● **Task description**: Omit the pictures, then reproduce exactly the line bearing "1/43 Lexus LX570 Deep Blue Mica" and every line after it up to and including the last line of the entries below.

● **Provided entries**:
= Beginning of Section =

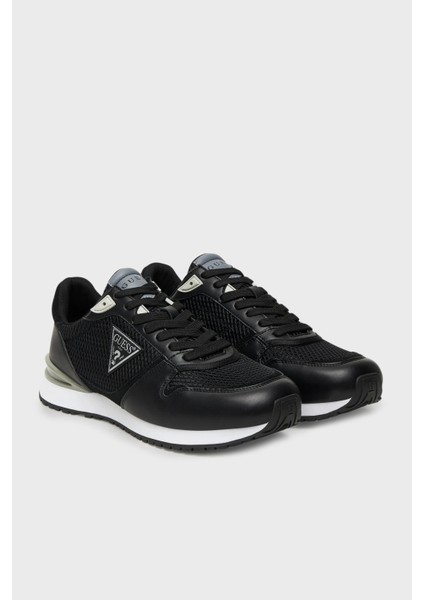 Island Logolu Deri File Detaylı Sneaker Ayakkabı FMTISLFAL12 Erkek Ayakkabı Fmtısl FAL12 Black fiyatları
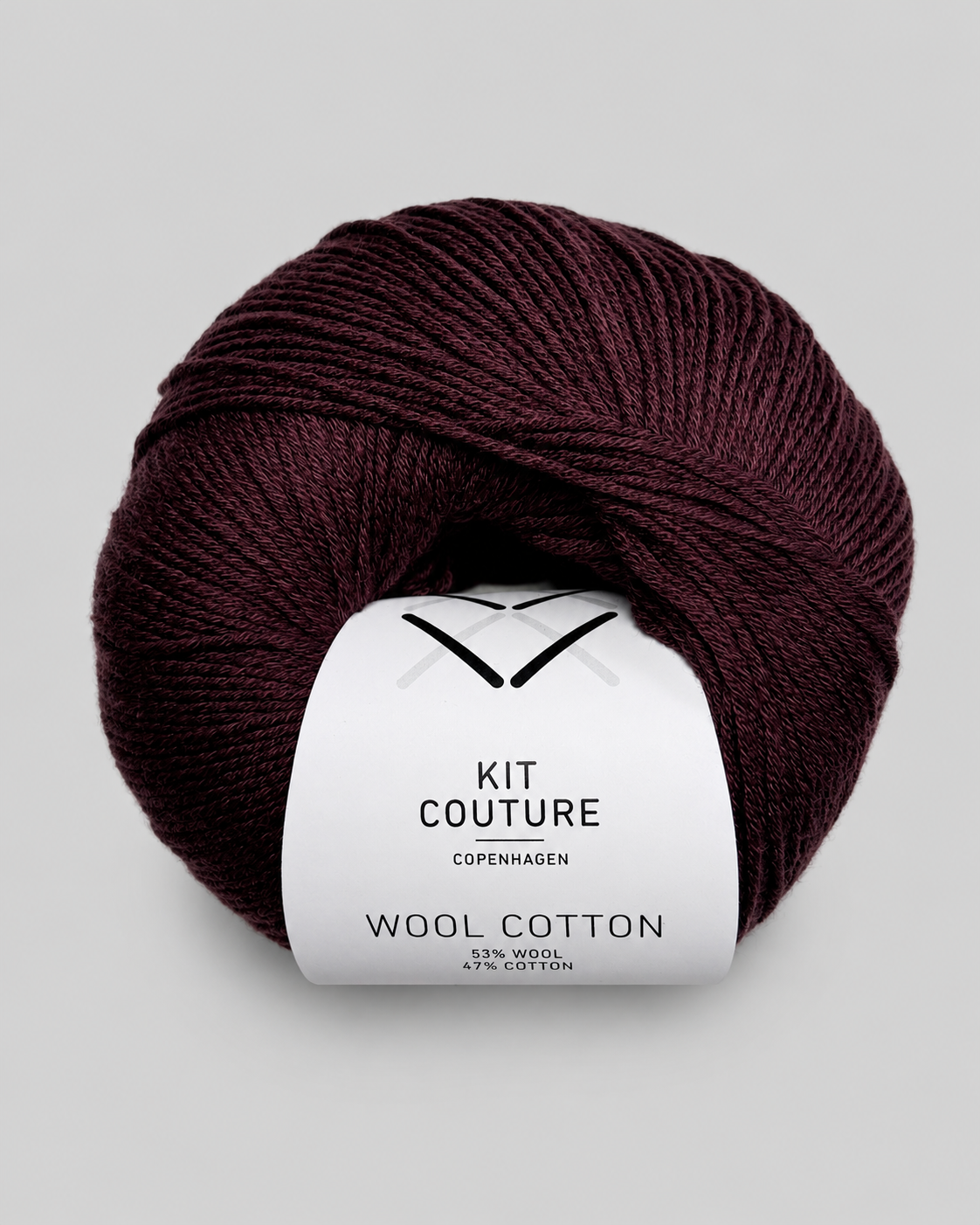3572 Kit Couture Wool Cotton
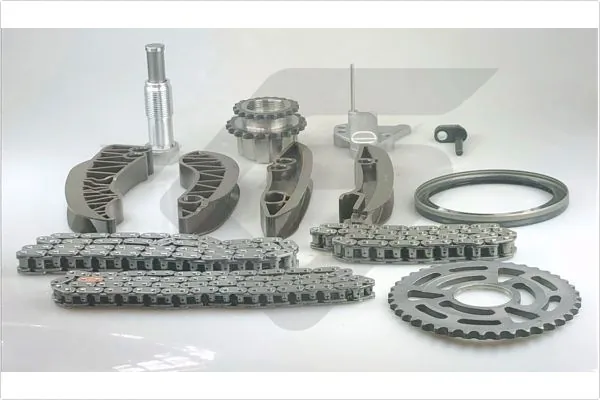 Kit de distribution par chaîne HUTCHINSON KHC 042M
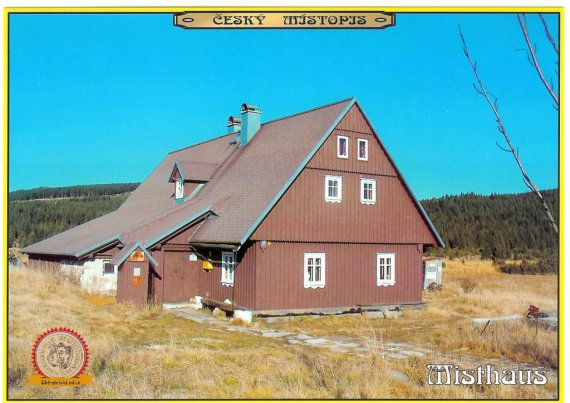 0054 - Misthaus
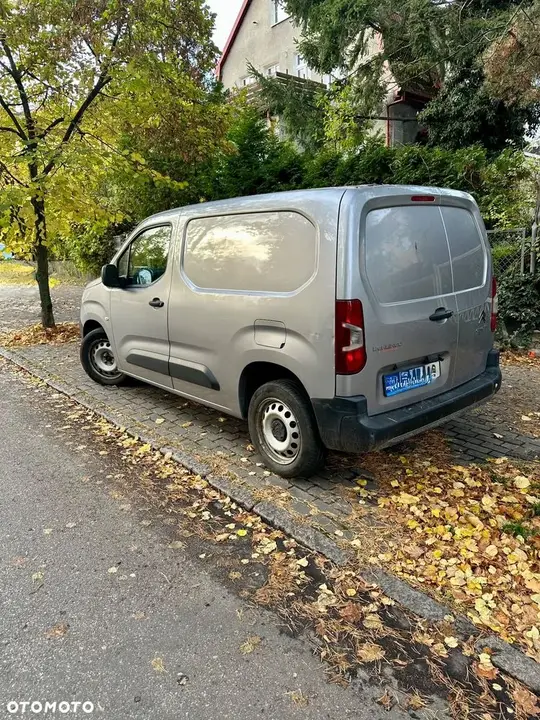 Citroen Berlingo 2020 photo 3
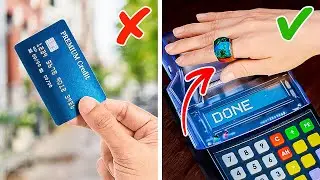 Потрясающие поделки из эпоксидной смолы с возможностью оплаты 💎💳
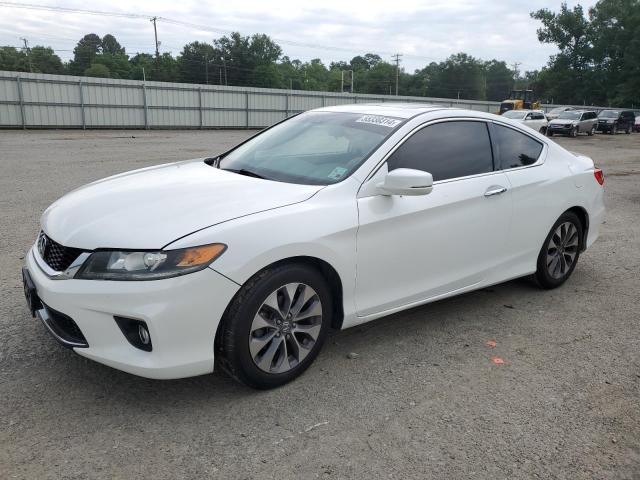 2013 Honda Accord Exl VIN: 1HGCT1B82DA020314 Lot: 55330314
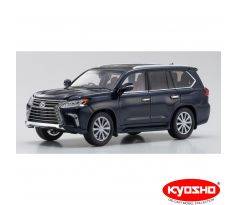 1/43 Lexus LX570 Deep Blue Mica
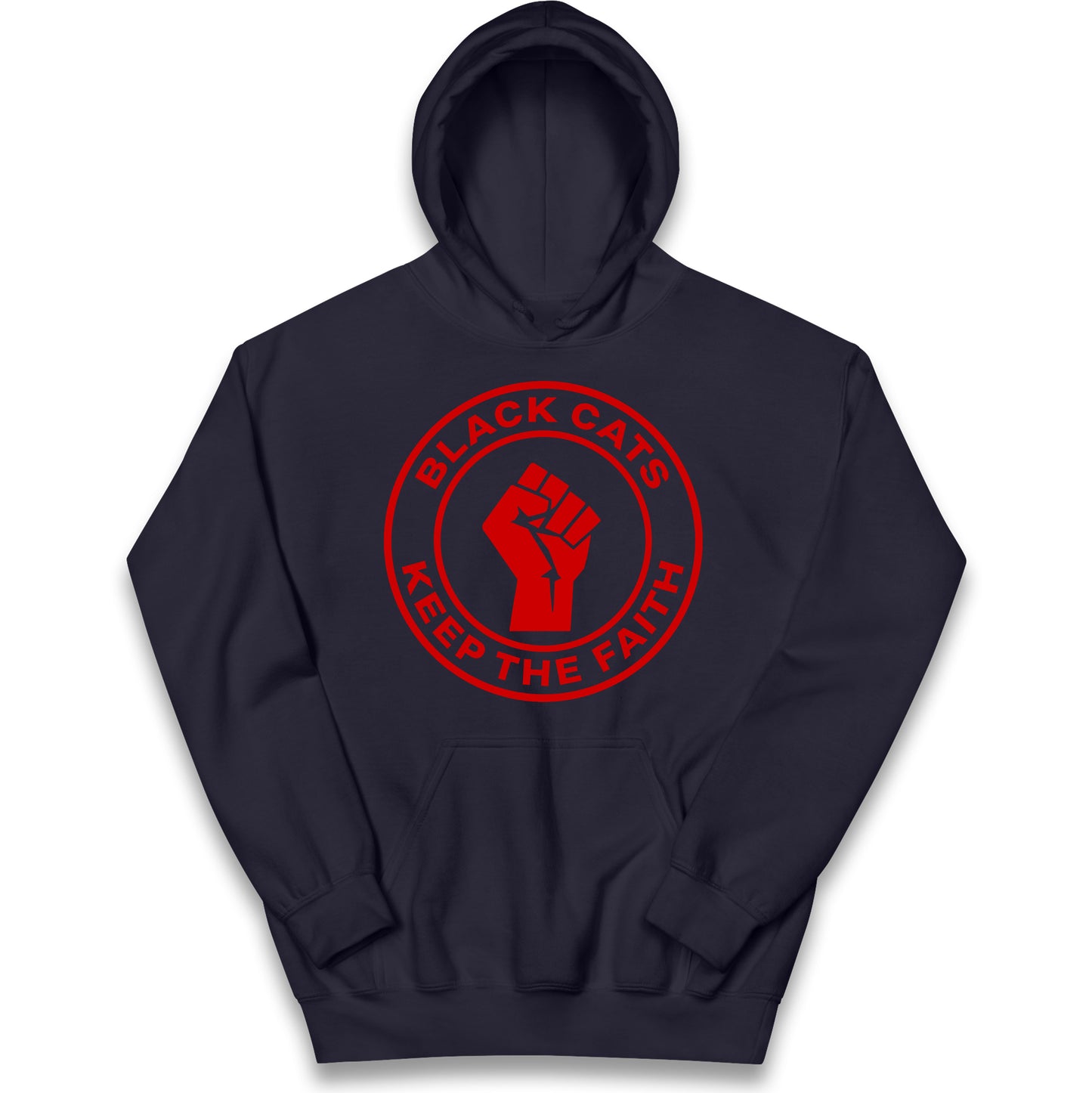 Sunderland Football Kids Hoodie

= End of Section =

● **Answer to the problem**:
 1/43 Lexus LX570 Deep Blue Mica
 Sunderland Football Kids Hoodie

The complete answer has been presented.